AAA/xxx -- selects all the xxx elements that are children of AAA

Start with //
If the path starts with // then all elements in the document which fulfill following criteria are selected.
//BBB -- Selects all BBB elements no matter where they are in the document
DDD//BBB -- Selects all BBB elements that are descendant of the DDD element, no matter where they are under the DDD element

Attributes are specified by @ prefix.
//@aks -- Selects all attributes that are named aks
//BBB[@id] -- Select BBB elements which have attribute id

Selecting unknown nodes nodes
XPath wildcards can be used to select unknown XML elements.
Wildcard Description
* matches any element node
@* Matches any attribute node
node() Matches any node of any kind
. Selects the current node

/title/* -- Selects all the child nodes of the title element
//* -- Selects all elements in the document
//title[@*] -- Selects all title elements which have any attribute
//title[not(@*)] -- Select title elements without an attribute

Selecting Several Paths
By using the | operator in an XPath expression you can select several paths.
pathexpr1 | pathexpr2
pathexpr1 or pathexpr2
Location Path Expression
A location path can be absolute or relative.
An absolute location path starts with a slash ( / ) and a relative location path does not.

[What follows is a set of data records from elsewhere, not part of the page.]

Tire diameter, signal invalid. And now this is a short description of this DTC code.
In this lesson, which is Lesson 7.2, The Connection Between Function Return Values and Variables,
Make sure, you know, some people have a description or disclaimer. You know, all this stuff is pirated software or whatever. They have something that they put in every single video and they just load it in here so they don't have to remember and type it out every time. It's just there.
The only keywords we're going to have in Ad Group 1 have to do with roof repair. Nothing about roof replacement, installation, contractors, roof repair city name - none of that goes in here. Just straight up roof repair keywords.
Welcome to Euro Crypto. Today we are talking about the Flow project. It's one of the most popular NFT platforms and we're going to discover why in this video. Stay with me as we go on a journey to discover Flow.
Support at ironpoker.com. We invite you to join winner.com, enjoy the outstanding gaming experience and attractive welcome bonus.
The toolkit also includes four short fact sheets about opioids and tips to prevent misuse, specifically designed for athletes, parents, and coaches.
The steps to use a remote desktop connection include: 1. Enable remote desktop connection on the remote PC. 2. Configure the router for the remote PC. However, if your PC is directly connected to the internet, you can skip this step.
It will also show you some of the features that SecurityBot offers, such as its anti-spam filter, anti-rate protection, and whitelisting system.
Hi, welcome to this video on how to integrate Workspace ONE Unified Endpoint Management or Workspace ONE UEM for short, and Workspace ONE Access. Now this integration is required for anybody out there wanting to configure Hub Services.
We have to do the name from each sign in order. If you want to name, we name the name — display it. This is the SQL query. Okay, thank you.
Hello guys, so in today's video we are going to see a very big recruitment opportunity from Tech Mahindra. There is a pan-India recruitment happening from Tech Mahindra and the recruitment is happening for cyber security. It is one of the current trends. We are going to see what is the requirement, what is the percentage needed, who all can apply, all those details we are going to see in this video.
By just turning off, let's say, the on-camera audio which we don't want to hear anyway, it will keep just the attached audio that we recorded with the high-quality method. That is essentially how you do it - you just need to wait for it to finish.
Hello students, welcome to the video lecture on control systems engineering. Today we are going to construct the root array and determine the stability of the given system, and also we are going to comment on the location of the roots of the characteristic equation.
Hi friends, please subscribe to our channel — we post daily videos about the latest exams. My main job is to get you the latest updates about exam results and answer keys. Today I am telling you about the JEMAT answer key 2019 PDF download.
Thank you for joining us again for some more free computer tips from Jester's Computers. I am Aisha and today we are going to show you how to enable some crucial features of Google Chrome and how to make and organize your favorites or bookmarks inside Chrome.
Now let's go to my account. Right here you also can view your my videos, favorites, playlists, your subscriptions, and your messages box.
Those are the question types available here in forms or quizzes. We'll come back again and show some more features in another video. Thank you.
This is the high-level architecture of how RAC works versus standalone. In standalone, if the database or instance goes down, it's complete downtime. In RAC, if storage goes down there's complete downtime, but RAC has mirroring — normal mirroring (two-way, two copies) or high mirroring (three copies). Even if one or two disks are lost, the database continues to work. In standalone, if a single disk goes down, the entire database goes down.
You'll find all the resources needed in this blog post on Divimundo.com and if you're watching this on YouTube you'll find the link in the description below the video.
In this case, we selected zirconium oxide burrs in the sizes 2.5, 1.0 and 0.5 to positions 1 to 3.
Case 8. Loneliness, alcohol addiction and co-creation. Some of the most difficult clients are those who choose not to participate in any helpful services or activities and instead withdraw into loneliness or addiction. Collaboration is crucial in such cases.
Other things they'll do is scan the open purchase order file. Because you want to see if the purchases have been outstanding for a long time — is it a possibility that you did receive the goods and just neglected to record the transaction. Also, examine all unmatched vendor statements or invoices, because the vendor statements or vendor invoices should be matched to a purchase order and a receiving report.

In both cases the location path consists of one or more steps, each separated by a slash:
An absolute location path:

/step/step/...
A relative location path:

step/step/...
Each step is evaluated against the nodes in the current node-set.
A step consists of:
• an axis (defines the tree-relationship between the selected nodes and the current node)
• a node-test (identifies a node within an axis)
• zero or more predicates (to further refine the selected node-set)
Predicates
Predicates are used to find a specific node or a node that contains a specific value.
Predicates are always embedded in square brackets.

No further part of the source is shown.